### EXERCISE OBJECTIVE
Return only the lines below starting at the line containing "REV'IT Riding Textile JACKET, SM" and ending at the line containing "2015 Lexus ES 350 4dr Sdn", both included, exactly as they are and with no pictures.

### RECORDS SHOWN
********************

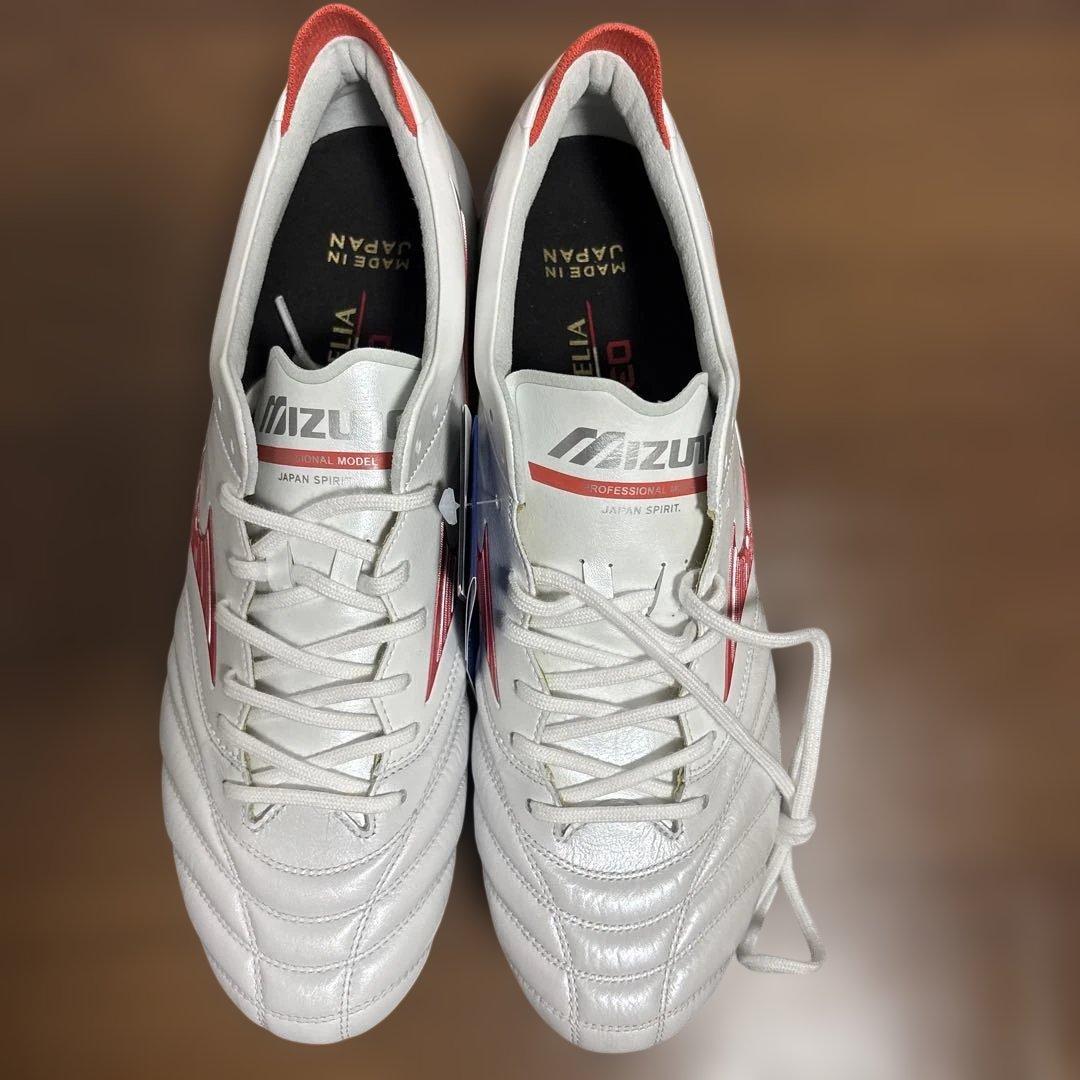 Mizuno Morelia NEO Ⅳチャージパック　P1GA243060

********************

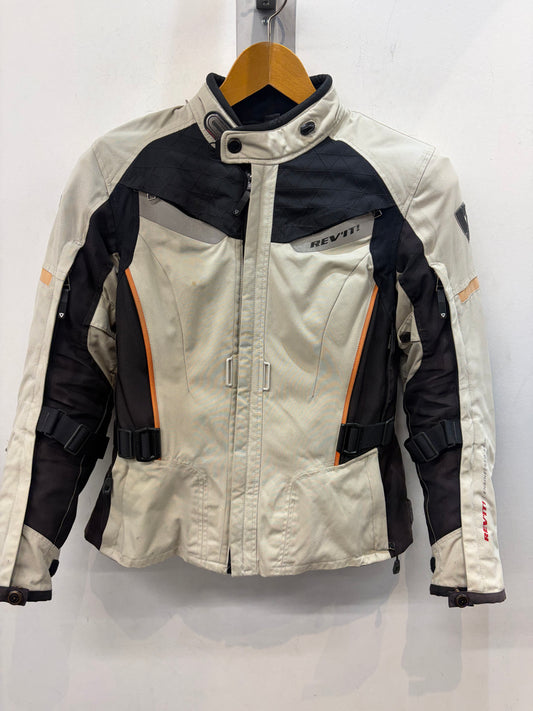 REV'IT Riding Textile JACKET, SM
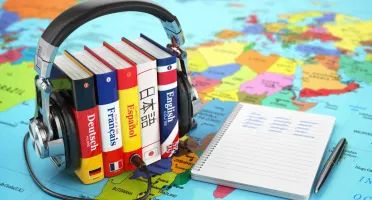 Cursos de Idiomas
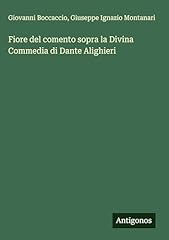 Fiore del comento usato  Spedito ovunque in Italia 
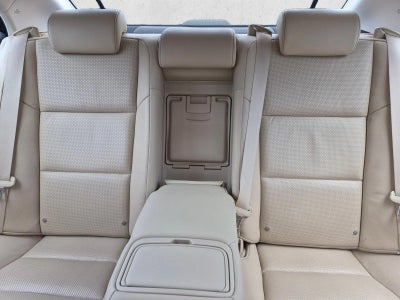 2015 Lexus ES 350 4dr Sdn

********************

### WRITTEN SOLUTION
 REV'IT Riding Textile JACKET, SM
 Cursos de Idiomas
 Fiore del comento usato  Spedito ovunque in Italia 
 2015 Lexus ES 350 4dr Sdn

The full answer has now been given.